Anonymous 0 Comments

“Space is big. Really big. You just won’t believe how vastly hugely mind-bogglingly big it is. I mean, you may think it’s a long way down the road to the chemist, but that’s just peanuts to space.”

Anonymous 0 Comments

The earth is enormous, and many satellites orbit so high up that the circumference of their orbit is significantly bigger than the Earth’s circumference. On top of this, satellites orbit at different altitudes.

If you were to go up into space, you would not see any satellites or space junk at all. Similarly, if you were out directly I’m the middle of the asteroid belt, you most likely wouldn’t see a single asteroid at all. Space is BIG.

Hitting a satellite would be equivalent to flying in a straight line around the earth and just happening to collide with a specific parrot living in a remote jungle in an Indonesian island. Or a bird migrating from Uruguay to Hawaii. It’s simply so unlikely that we don’t need to worry.

But still, we track all satellites and most space junk larger than a few centimeters across. Just to be on the safe side 🙂

Anonymous 0 Comments

The sky is big. Like, really really big. It’s hard to convey just how big it is. Also it’s a 3D space, and it’s hard to hit things in a 3D space when you are trying to.

Anonymous 0 Comments

“Space is big. You just won’t believe how vastly, hugely, mind-bogglingly big it is. I mean, you may think it’s a long way down the road to the chemist’s, but that’s just peanuts to space.
Douglas Adams, The Hitchhiker’s Guide to the Galaxy (Hitchhiker’s Guide to the Galaxy, #1)

Anonymous 0 Comments

We track them all. A lot of it is just keeping a database up to date of the different orbits. The us government NORAD program has a fence across the earth that they use to detect objects in space and track them. We then made a standard to exchange that information. It describes the orbit of the object. It’s fairly simple math.
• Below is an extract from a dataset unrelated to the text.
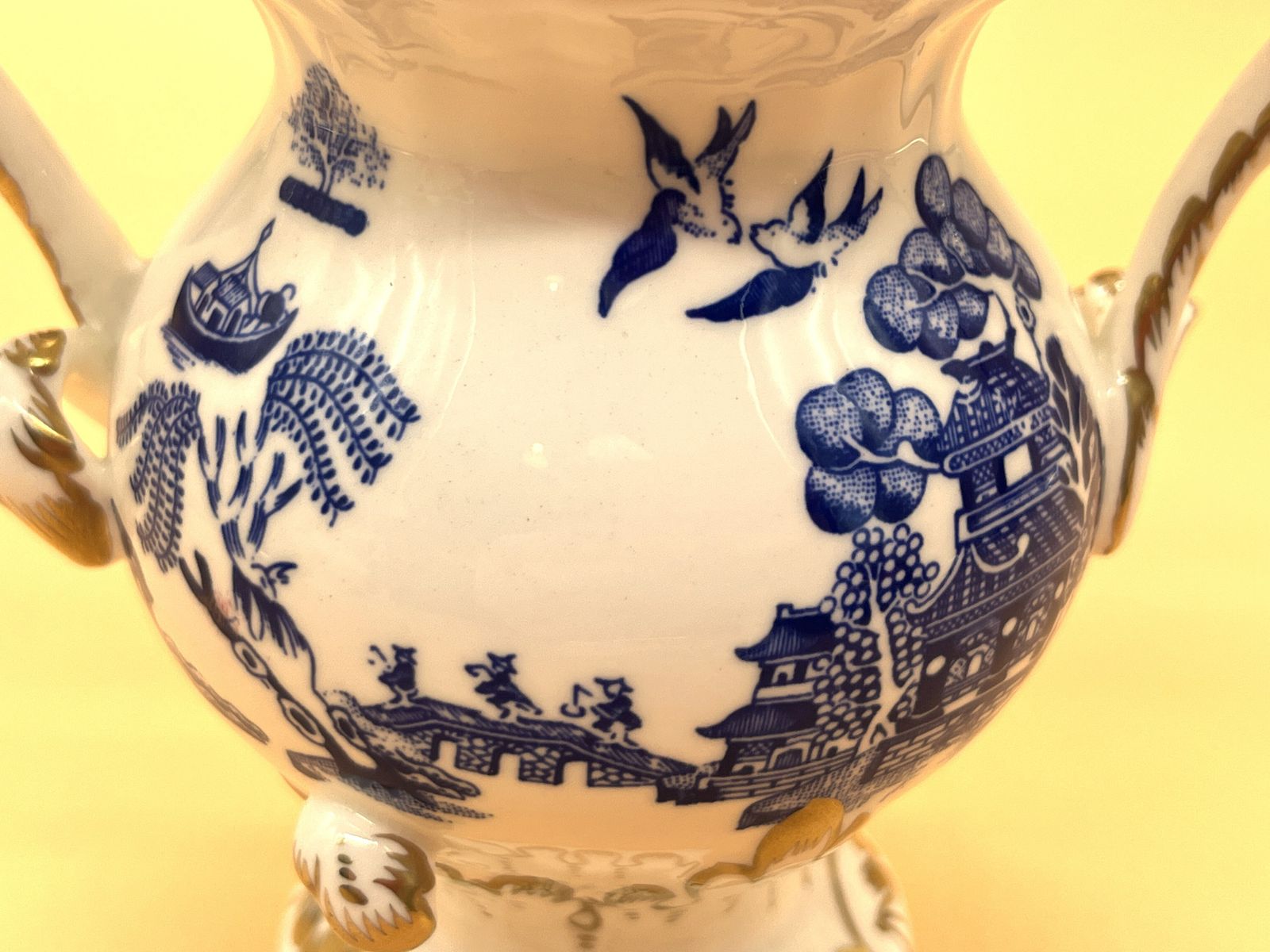 Beautifully Delicate Coalport China Blue Willow Potpourri Jar With Lid. photo vintage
https://www.n2yo.com/satellites/
https://celestrak.org/NORAD/documentation/gp-data-formats.php

http://gpredict.oz9aec.net

But regardless, space is mostly empty. Even if we didn’t know where they are, hitting them by accident just won’t happen. The main reason we track sats is so we know where to point our antennas to talk to them.

Anonymous 0 Comments

Space is *big*. And, more importantly, space *isn’t flat*.

If you’re drawing lines on a piece of paper, then, Euclidean geometry and all, any pair of lines which aren’t parallel *must* intersect. But this is *not* true in three dimensions. Pedestrian bridges go over roads, highways cross over other highways, metro tunnels run under city streets, etc. For two things to collide in space their trajectories have to intersect, and for *that* to happen, the two lines have to be more or less coplanar. I mean, what are the odds that 4 randomly chosen points in three dimensional space will *all* cleanly lie on the same flat plane? There’s also the matter of time: It’s not enough for two trajectories to intersect, the objects themselves have to both be at that shared point at the exact same time, quite literally down to the millisecond. If an object half a meter across is traveling at one thousand meters per second, then it has travelled twice its own diameter in a single millisecond. If two half meter objects are on a collision course at those speeds, then a delay of 0.001 seconds is all it takes to turn a hit into a [very] near miss, and real satellites are moving *a lot* faster than that. Once again, space is *big*, so the odds of two satellites bumping into each other are very very low.